Set up your merch store directly on your UniLink page — add products, configure shipping, connect Stripe, and start selling physical goods to your audience in minutes.
Selling merchandise is one of the most direct ways creators, musicians, athletes, and small brands monetize their audience. Your fans already follow your UniLink page — turning that traffic into merch sales requires nothing more than adding a Shop block, configuring a few settings, and connecting Stripe. You don't need a separate Shopify store or a complex e-commerce setup. Everything lives on the same page your audience already visits.
What the UniLink Shop Block Does for Physical Products
The Shop block on UniLink supports both digital and physical product types. When you select the Physical product type, it unlocks shipping-specific settings: shipping zones, per-zone rates, handling times, and optional weight-based or quantity-based rate calculation. Customers see the product photo, description, pricing, and a shipping estimate at checkout based on their location.

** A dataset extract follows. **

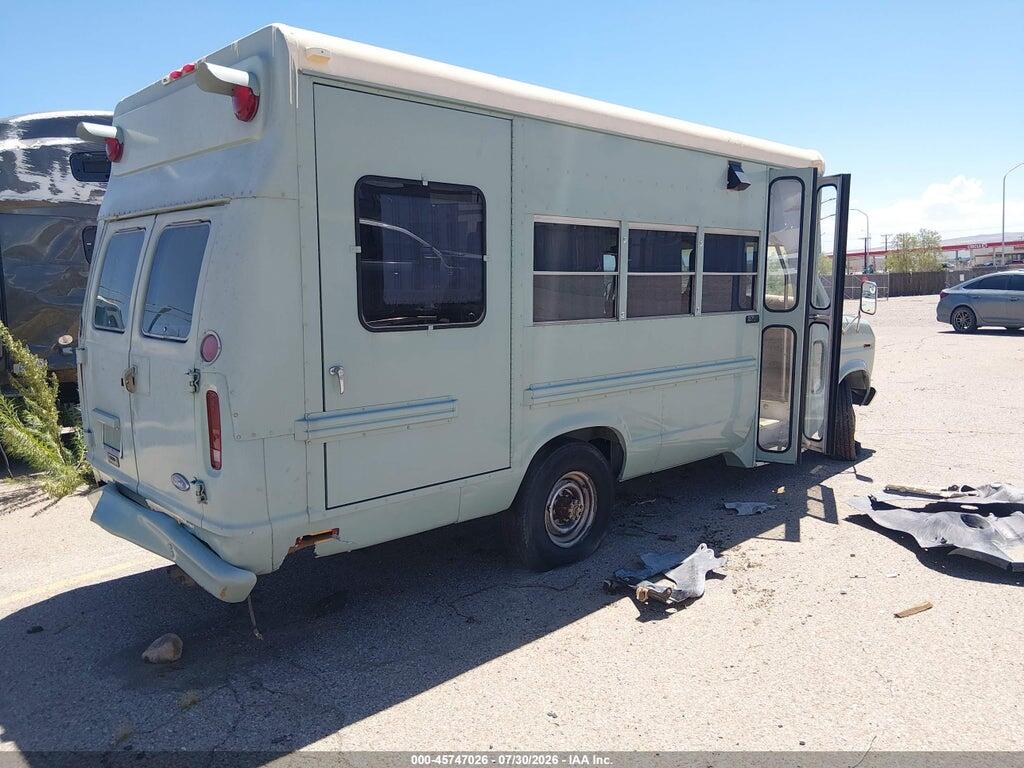 1FDJE34H1KHB05993 1989 FORD ECONOLINE photo no. 4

Payments run through Stripe, which handles credit cards, Apple Pay, Google Pay, and other payment methods automatically. UniLink takes no transaction fee on top of Stripe's standard processing rate. After a sale, you receive a notification, the order appears in your Orders dashboard, and Stripe deposits the payment into your bank account on your normal payout schedule.
For creators who don't want to manage physical inventory, UniLink's webhook integration connects your shop to print-on-demand services like Printful and Printify. When a customer orders a T-shirt or mug, UniLink sends an order webhook to the print-on-demand provider, which prints and ships the item directly to the customer. You never touch the product.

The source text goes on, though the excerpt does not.